> [MATERIAL FOR THE TASK]
◇ ◇ ◇

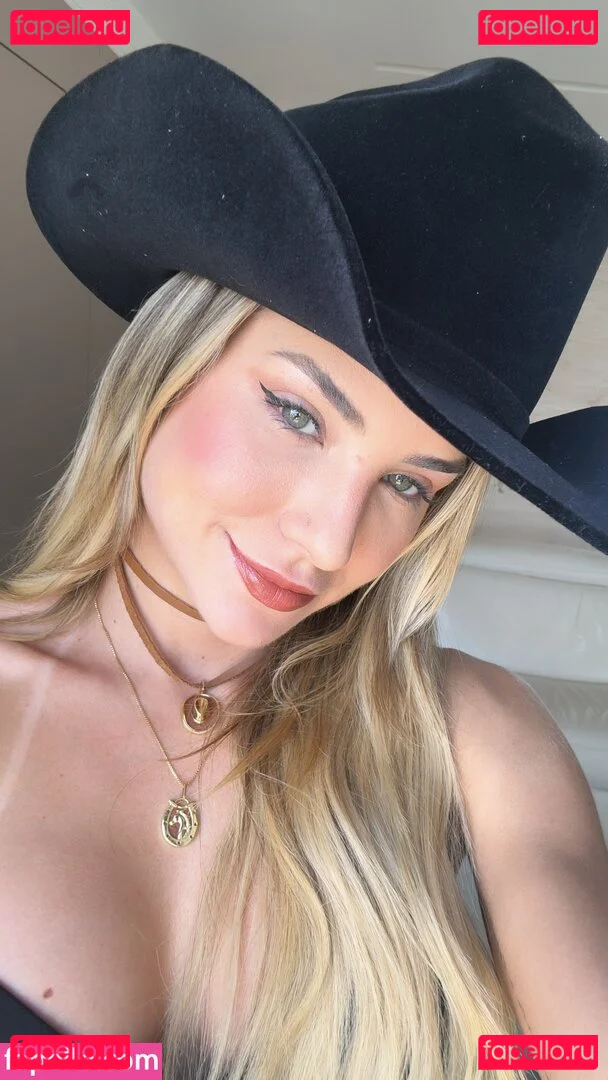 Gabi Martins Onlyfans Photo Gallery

◇ ◇ ◇

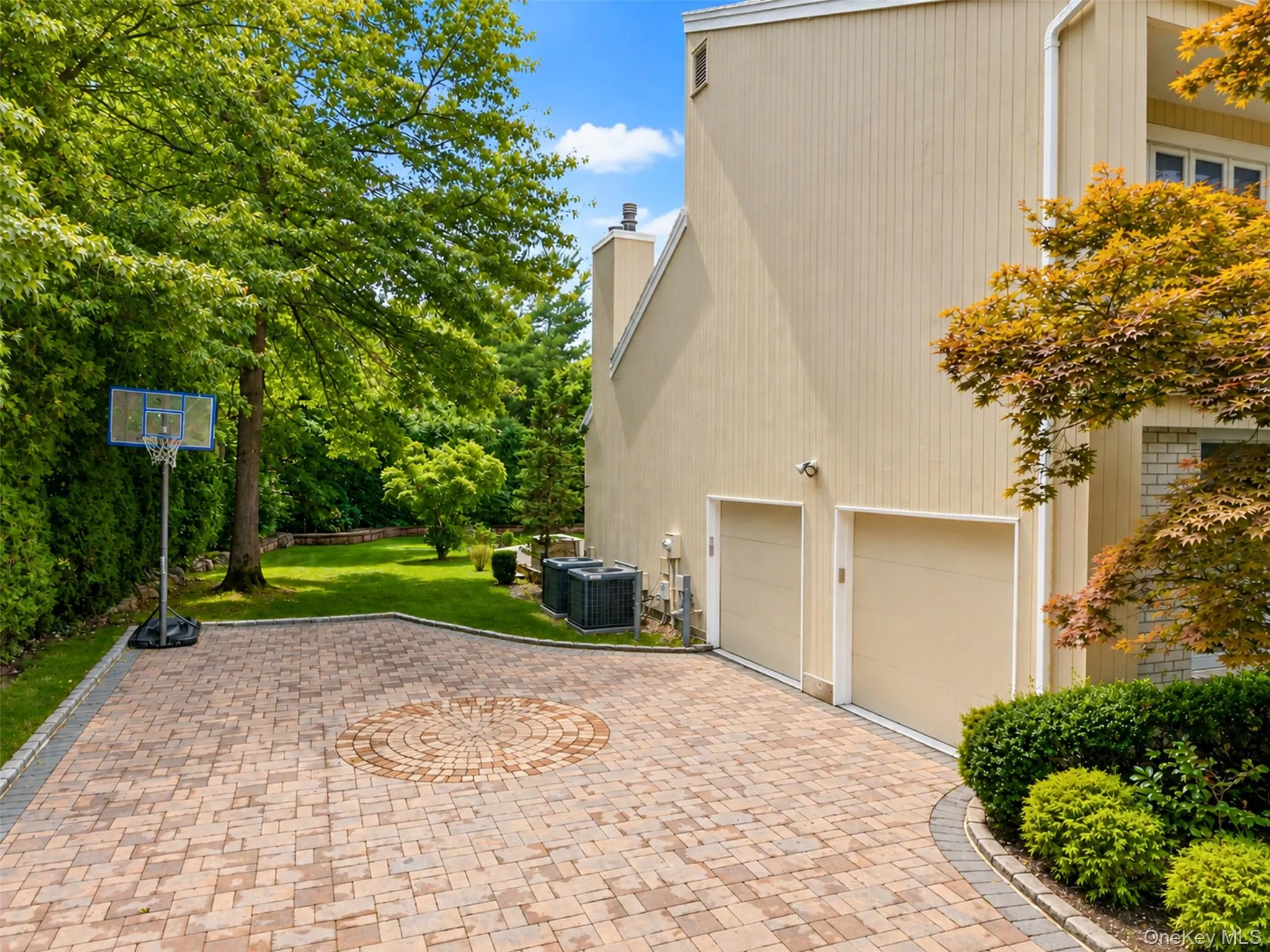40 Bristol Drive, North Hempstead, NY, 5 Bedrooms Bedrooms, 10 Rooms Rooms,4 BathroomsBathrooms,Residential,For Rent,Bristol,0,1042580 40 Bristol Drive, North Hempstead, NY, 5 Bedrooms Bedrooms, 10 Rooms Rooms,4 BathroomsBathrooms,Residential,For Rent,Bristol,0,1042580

◇ ◇ ◇

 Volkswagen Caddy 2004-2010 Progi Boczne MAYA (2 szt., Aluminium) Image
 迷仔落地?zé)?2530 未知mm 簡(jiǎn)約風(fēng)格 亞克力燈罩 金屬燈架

◇ ◇ ◇

Using the entries above, give back exactly the line containing "Volkswagen Caddy 2004-2010", the line containing "迷仔落地?zé)?2530 未知mm 簡(jiǎn)約風(fēng)格", and every line between them, and nothing else.

 Volkswagen Caddy 2004-2010 Progi Boczne MAYA (2 szt., Aluminium) Image
 迷仔落地?zé)?2530 未知mm 簡(jiǎn)約風(fēng)格 亞克力燈罩 金屬燈架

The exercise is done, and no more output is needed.